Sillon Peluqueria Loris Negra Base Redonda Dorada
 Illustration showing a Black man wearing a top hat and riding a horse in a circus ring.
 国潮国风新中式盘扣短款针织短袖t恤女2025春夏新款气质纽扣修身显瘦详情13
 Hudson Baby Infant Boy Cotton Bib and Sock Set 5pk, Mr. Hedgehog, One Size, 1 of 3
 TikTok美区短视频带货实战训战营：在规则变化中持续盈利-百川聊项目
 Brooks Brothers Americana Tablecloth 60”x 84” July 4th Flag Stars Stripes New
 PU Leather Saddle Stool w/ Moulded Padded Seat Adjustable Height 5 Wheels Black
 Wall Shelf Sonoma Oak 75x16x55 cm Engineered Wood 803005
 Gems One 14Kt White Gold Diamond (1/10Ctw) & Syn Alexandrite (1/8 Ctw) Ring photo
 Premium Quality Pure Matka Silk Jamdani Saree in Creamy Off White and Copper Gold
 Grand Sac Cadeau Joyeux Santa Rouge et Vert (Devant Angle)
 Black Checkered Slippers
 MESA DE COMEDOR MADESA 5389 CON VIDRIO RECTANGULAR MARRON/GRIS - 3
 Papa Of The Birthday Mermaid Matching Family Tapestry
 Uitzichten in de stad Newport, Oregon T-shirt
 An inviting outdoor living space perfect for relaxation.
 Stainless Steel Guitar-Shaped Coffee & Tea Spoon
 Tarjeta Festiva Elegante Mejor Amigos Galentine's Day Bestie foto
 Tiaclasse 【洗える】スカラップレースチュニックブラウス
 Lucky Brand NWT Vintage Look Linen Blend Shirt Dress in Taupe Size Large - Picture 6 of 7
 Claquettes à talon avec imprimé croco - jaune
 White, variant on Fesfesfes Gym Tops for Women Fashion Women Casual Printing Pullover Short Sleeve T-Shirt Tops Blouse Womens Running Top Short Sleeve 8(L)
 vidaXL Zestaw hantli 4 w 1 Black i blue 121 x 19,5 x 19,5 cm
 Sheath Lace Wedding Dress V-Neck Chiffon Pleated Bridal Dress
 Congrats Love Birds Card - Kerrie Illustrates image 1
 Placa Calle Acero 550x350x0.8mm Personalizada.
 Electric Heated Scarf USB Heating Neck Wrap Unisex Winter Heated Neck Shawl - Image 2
--------------------------------------------------
• The task: Could the data above be returned exactly as it stands?

• Task solution:
Sillon Peluqueria Loris Negra Base Redonda Dorada
 Illustration showing a Black man wearing a top hat and riding a horse in a circus ring.
 国潮国风新中式盘扣短款针织短袖t恤女2025春夏新款气质纽扣修身显瘦详情13
 Hudson Baby Infant Boy Cotton Bib and Sock Set 5pk, Mr. Hedgehog, One Size, 1 of 3
 TikTok美区短视频带货实战训战营：在规则变化中持续盈利-百川聊项目
 Brooks Brothers Americana Tablecloth 60”x 84” July 4th Flag Stars Stripes New
 PU Leather Saddle Stool w/ Moulded Padded Seat Adjustable Height 5 Wheels Black
 Wall Shelf Sonoma Oak 75x16x55 cm Engineered Wood 803005
 Gems One 14Kt White Gold Diamond (1/10Ctw) & Syn Alexandrite (1/8 Ctw) Ring photo
 Premium Quality Pure Matka Silk Jamdani Saree in Creamy Off White and Copper Gold
 Grand Sac Cadeau Joyeux Santa Rouge et Vert (Devant Angle)
 Black Checkered Slippers
 MESA DE COMEDOR MADESA 5389 CON VIDRIO RECTANGULAR MARRON/GRIS - 3
 Papa Of The Birthday Mermaid Matching Family Tapestry
 Uitzichten in de stad Newport, Oregon T-shirt
 An inviting outdoor living space perfect for relaxation.
 Stainless Steel Guitar-Shaped Coffee & Tea Spoon
 Tarjeta Festiva Elegante Mejor Amigos Galentine's Day Bestie foto
 Tiaclasse 【洗える】スカラップレースチュニックブラウス
 Lucky Brand NWT Vintage Look Linen Blend Shirt Dress in Taupe Size Large - Picture 6 of 7
 Claquettes à talon avec imprimé croco - jaune
 White, variant on Fesfesfes Gym Tops for Women Fashion Women Casual Printing Pullover Short Sleeve T-Shirt Tops Blouse Womens Running Top Short Sleeve 8(L)
 vidaXL Zestaw hantli 4 w 1 Black i blue 121 x 19,5 x 19,5 cm
 Sheath Lace Wedding Dress V-Neck Chiffon Pleated Bridal Dress
 Congrats Love Birds Card - Kerrie Illustrates image 1
 Placa Calle Acero 550x350x0.8mm Personalizada.
 Electric Heated Scarf USB Heating Neck Wrap Unisex Winter Heated Neck Shawl - Image 2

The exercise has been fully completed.